Bianca Salvo The Universe Makers
Bianca Salvo explores the roles that photography, technology, and science fiction have played in producing evidence. Using collected documents and visual records, The Universe Makers (2016 – 18) addresses public beliefs and false perceptions of interstellar exploration. Positioned alongside an escalator and the northbound platform at Osgoode subway station, the images derived from Salvo’s multimedia project disrupt the conventions of advertising. The Universe Makers draws largely from 1960s archives, a timeline in keeping with the history of the subway station, which opened in 1963. Situated among courthouses in Toronto’s justice precinct, Osgoode station also borders the Four Seasons Centre for the Performing Arts. These proximate urban landmarks offer fitting context for a photo-based project examining the integrity and theatricality of images that document historic events—where the boundary between truth and fiction is at stake.
An Italian artist who lives and works between Milan and Bogotá, Salvo has a background in psychology, which informs her interest in how people construct a sense of veracity through photography.
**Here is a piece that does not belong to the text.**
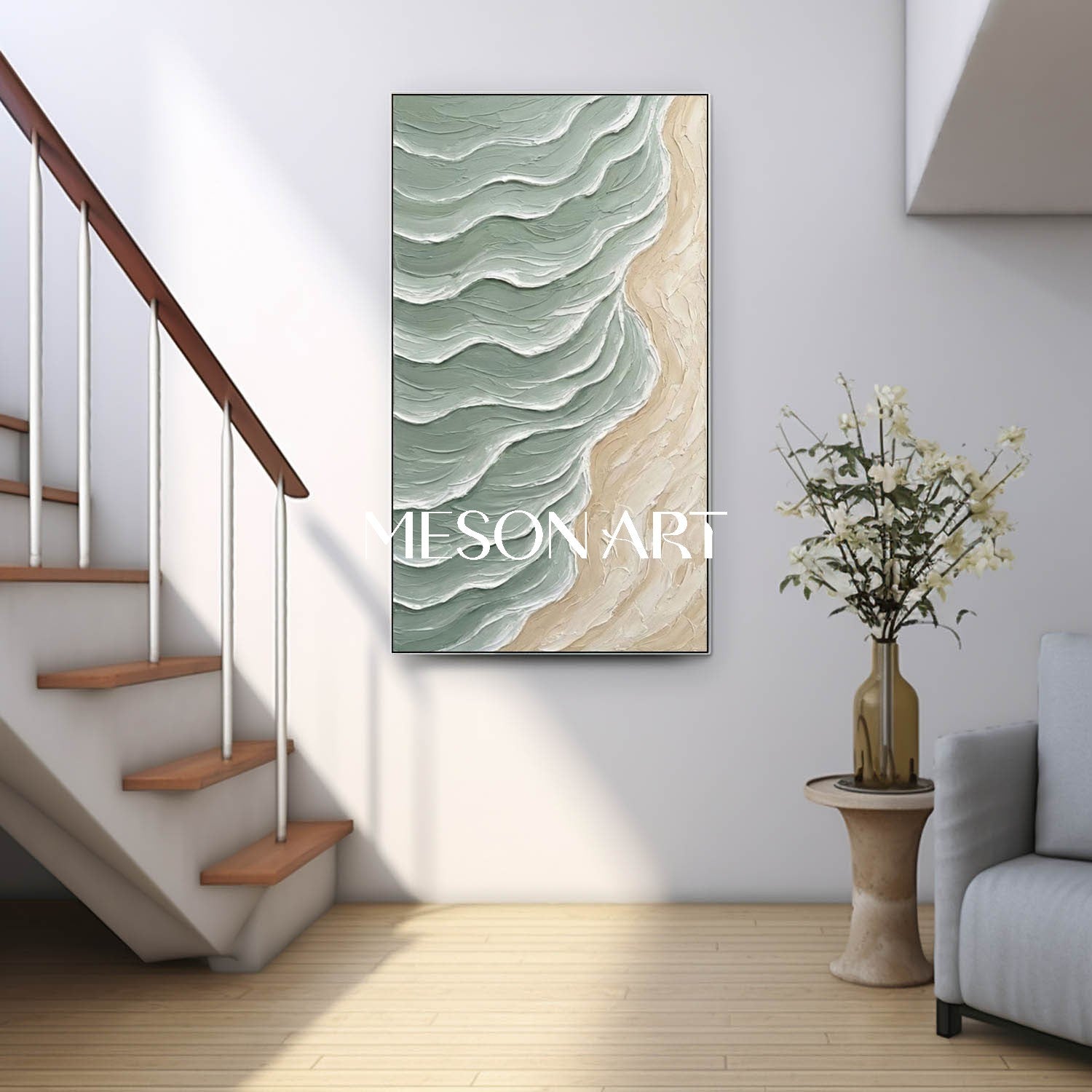 Large Green Wave And Beach Canvas Wall painting Minimalist Sea Wall Art Decoration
Here, the artist describes her project:
The Universe Makers is the result of a two-year research project on space imagery and is presented as an inquiry on representative patterns and figurative models upon which our pop culture psyche is based, and which still profoundly influence our attitudes toward science and outer space.
The future of civilization is certainly a matter of concern for humanity. From the appearance on television of the first man on the moon in 1969—some 50 years ago—to the recently cancelled mission of Mars One that promised to create a permanent human settlement on Mars, the possibility of life beyond Earth has established itself concretely in our minds. On the one hand, documents and visual records collected over the past years from institutions and research centres have had a fundamental role in providing us with vivid depictions of the remote universe and realistic proof of space exploration’s feasibility. On the other hand, science fiction has massively contributed to our ideas of an infinite galaxy—one waiting to be explored, studied, and colonized—through stories that range from the completely bizarre to the highly possible.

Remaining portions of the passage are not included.